Please repeat every entry exactly as written, but skip the pictures.
Top of The data
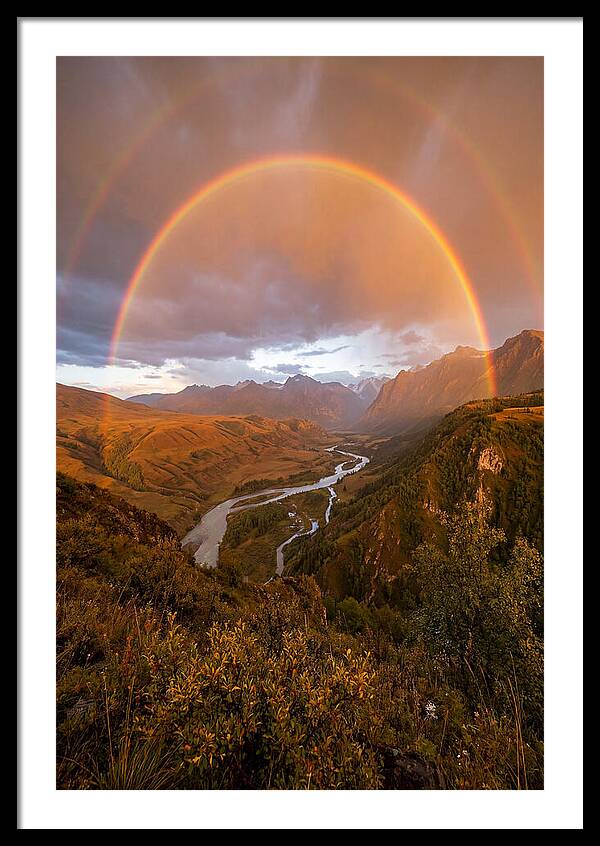 Double Rainbow Sunset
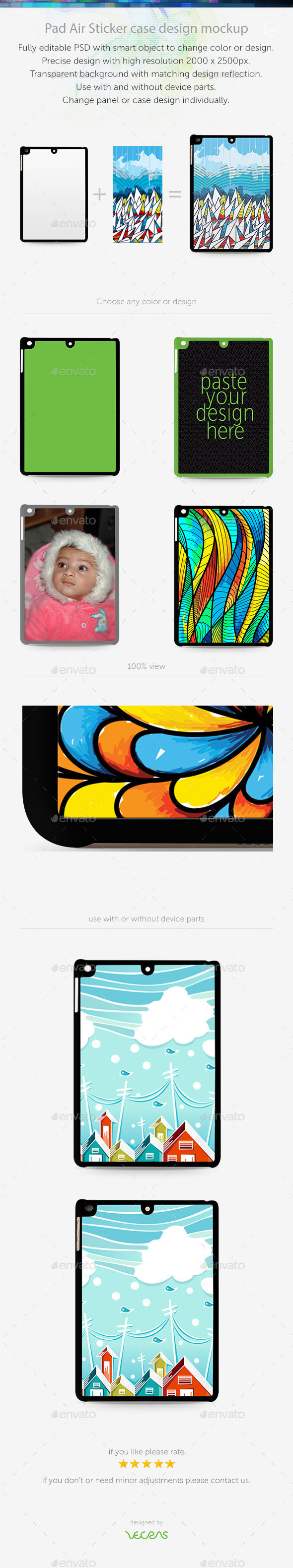 Preview pad air stickercase mockup back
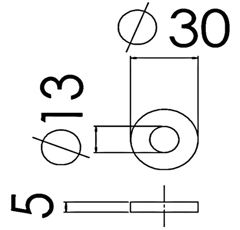 Unterlagscheibe f. Heuwender PEZET 13X30X4 ZN - Nachbau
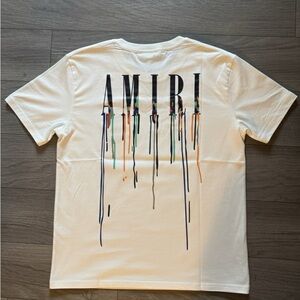 AMIRI Drip Logo White Tee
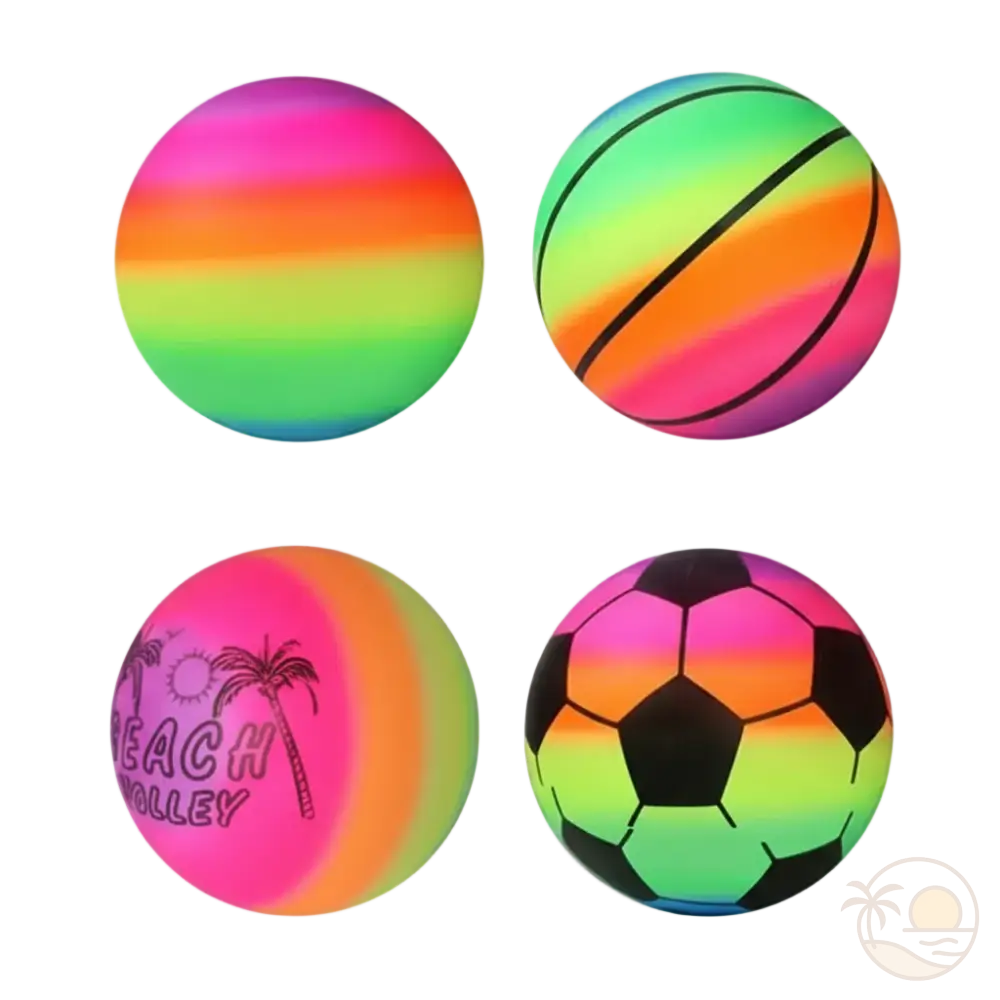 ballons de plage arc-en-ciel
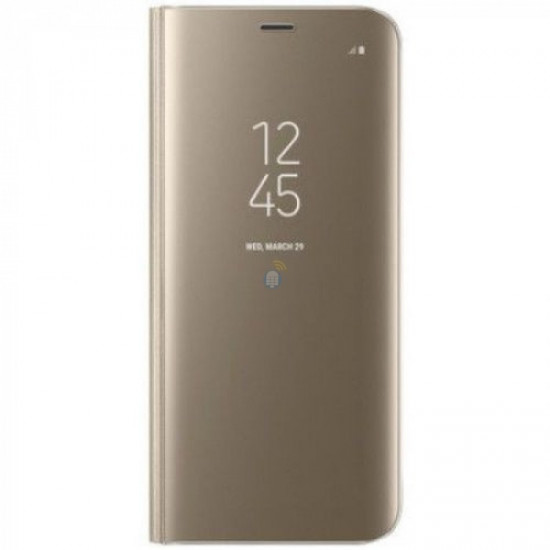 Capa Flip Cover Clear View Huawei Mate 30 Pro Dourado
Bottom of The data
» Exercise response:
 Double Rainbow Sunset
 Preview pad air stickercase mockup back
 Unterlagscheibe f. Heuwender PEZET 13X30X4 ZN - Nachbau
 AMIRI Drip Logo White Tee
 ballons de plage arc-en-ciel
 Capa Flip Cover Clear View Huawei Mate 30 Pro Dourado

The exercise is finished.